• [WHAT IS BEING ASKED]
Look below for the line containing "高考倒计时!滨城考点周边道路临时交通管制 第2张", then write out that line and every line after it to the end, exactly, minus the pictures.

• [Scraped caption text data]
========

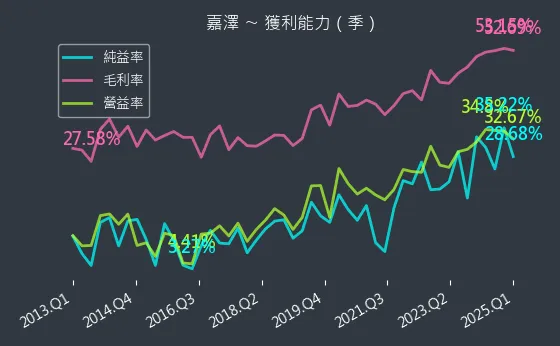 3533 嘉澤 獲利能力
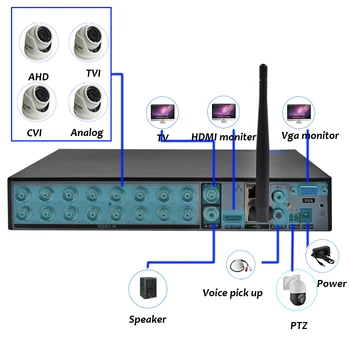 16CH 1080N DVR NVR H. 265+ Podpora Wifi, 3G PPPOE 16 Kanalni Video Snemalnik Hibridni 6 v 1 za TVI CVI CVBS AHD 1080P 5MP IP Kamere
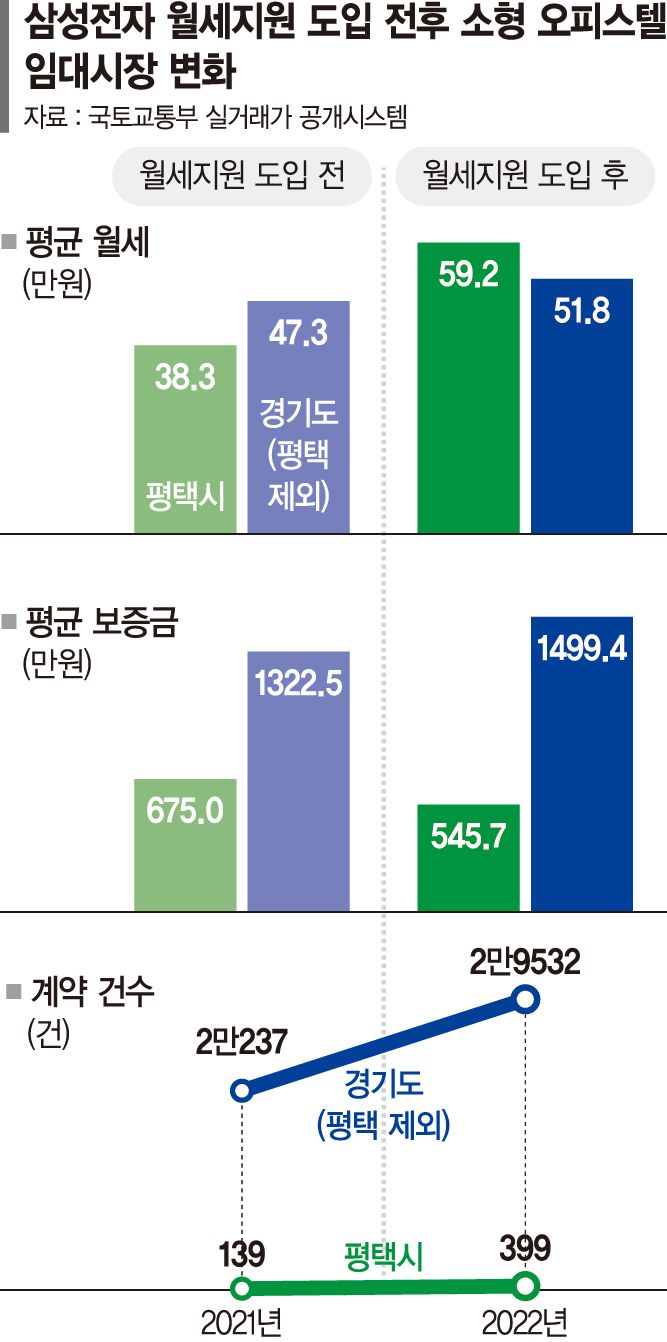삼성이 밀어올린 평택 월세… 소형 오피스텔 1년새 54% 급등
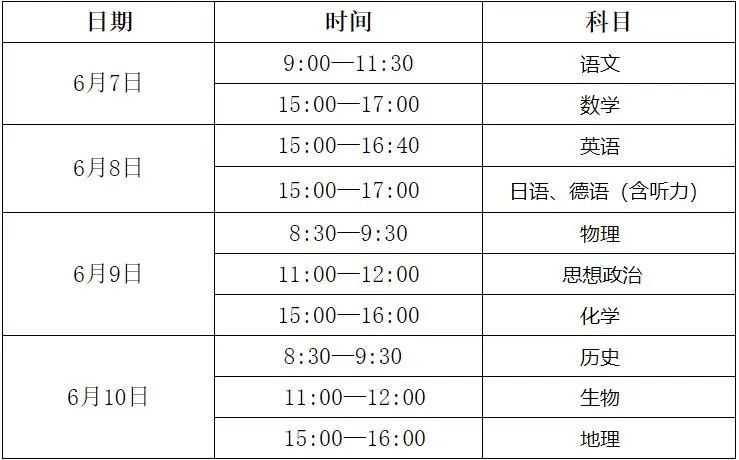 高考倒计时!滨城考点周边道路临时交通管制 第2张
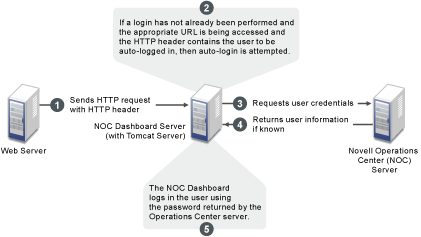 Create a client id and client secret · step 2: Configuring Auto Login For Single Sign On Sso Operations Center Dashboard Guide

========

• [RESPONSE TO THE TASK]
 高考倒计时!滨城考点周边道路临时交通管制 第2张
 Create a client id and client secret · step 2: Configuring Auto Login For Single Sign On Sso Operations Center Dashboard Guide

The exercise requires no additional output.